The special care we extend to the World Wide Web comes from a long tradition that democracies have of protecting their vital communications channels. We nurture and protect our information networks because they stand at the core of our economies, our democracies, and our cultural and personal lives. Of course, the imperative to assure the free flow of information has only grown given the global nature of the Internet and Web. As a Federal judge said in defense of freedom of expression on the Internet:

The Internet is a far more speech-enhancing medium than print, the village green, or the mails.... The Internet may fairly be regarded as a never-ending worldwide conversation.[1]

Therefore it is incumbent on all of us to understand what our role is in fostering continued growth, innovation, and vitality of the World Wide Web. I am gratified that the United States and many other democracies around the world have taken up this challenge. My hope today is to help you to explore the role this committee and this Congress has in building upon the great advances that are in store for the Web.

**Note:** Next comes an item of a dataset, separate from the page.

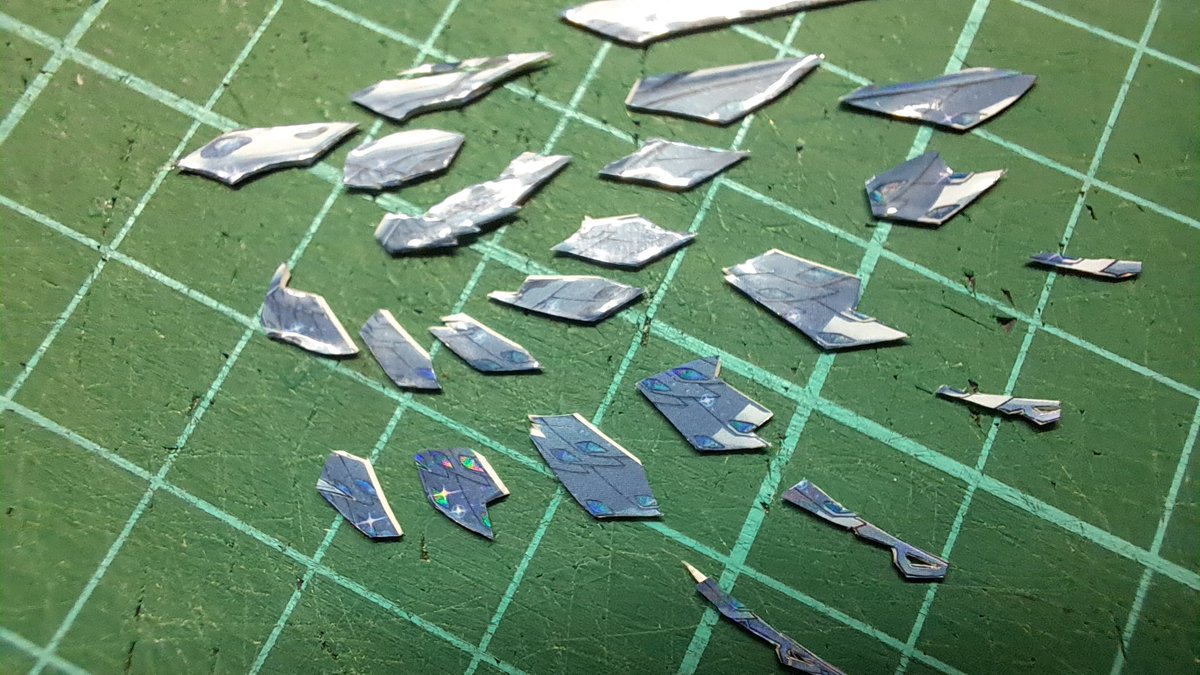 F5Hwn's tweet image. 卡雕注意事項：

I. Foundations of the World Wide Web

The success of the World Wide Web, itself built on the open Internet, has depended on three critical factors:

1) unlimited links from any part of the Web to any other;
2) open technical standards as the basis for continued growth of innovation applications; and
3) separation of network layers, enabling independent innovation for network transport, routing and information applications.

Today these characteristics of the Web are easily overlooked as obvious, self-maintaining, or just unimportant. All who use the Web to publish or access information take it for granted that any Web page on the planet will be accessible to anyone who has an Internet connection, regardless whether it is over a dialup modem or a high speed multi-megabit per second digital access line. The last decade has seen so many new eCommerce startups, some of which have formed the foundations of the new economy, that we now expect that the next blockbuster Web site or the new homepage for your kid's local soccer team will just appear on the Web without any difficulty.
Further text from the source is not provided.